La veracidad es esencial

Un buen periodista no debe fiarse nunca de la primera versión que llegue a sus oídos, debe comprobar cada uno de los detalles de la historia con el fin de no cometer errores. La verificación es un pilar básico en los deberes del periodista. Como dice el capítulo cuarto de Elementos del Periodismo “la esencia del periodismo es la disciplina de verificación”.
La labor de verificación cobra mayor importancia cuando el periodista no ha sido testigo directo de lo que cuenta, ya que en este supuesto depende de la información que le hayan ofrecido terceras personas, por tanto deberá buscar otros puntos de vista para comprobar lo que más tarde dará a conocer al público.

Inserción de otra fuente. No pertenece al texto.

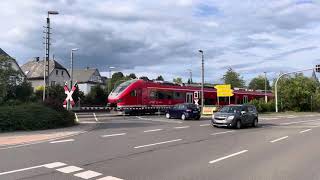 Spoorwegovergang Bestwig (D) // Railroad crossing // Bahnübergang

Cada periodista, a lo largo de su carrera, va adoptando una serie de disciplinas para verificar la información, tiene su propio método, en el cual confía, por ejemplo: buscar diferentes puntos de vista, fuentes, etc. Sea cual sea su disciplina de verificación, el periodista debe ir más allá de lo que él sabe, indagar más para dar una información completa, y lo más importante, sin errores ni datos falsos.
La verificación está ligada a otro de los factores que sustentan el periodismo, la objetividad.
En palabras de Lippmann “lo objetivo es el método, no el periodista”.
La llegada al mundo de nuevas tecnologías como Internet hace que los periodistas indaguen menos, están haciéndose “vagos”, como todo está en Internet lo único que hacen es cambiar algo de lo que encuentran en las publicaciones digitales.
Pero no debemos dejarnos influir por las nuevas tendencias, la verificación de los hechos es fundamental, en un buen trabajo periodístico la veracidad es esencial.
Para verificar una información hay que acudir a determinadas fuentes que nos puedan ayudar en nuestra labor informativa. Informar al lector de cuales han sido nuestros “ayudantes” otorga cierta confianza.
El lector debe estar informado en la medida de lo posible de todos nuestros pasos, porque ayuda a que confíe en lo que le decimos. Lo más importante es que el lector tenga confianza en lo que lee y por supuesto que lo que lea sea cierto, haya sido verificado y se trate de un trabajo transparente.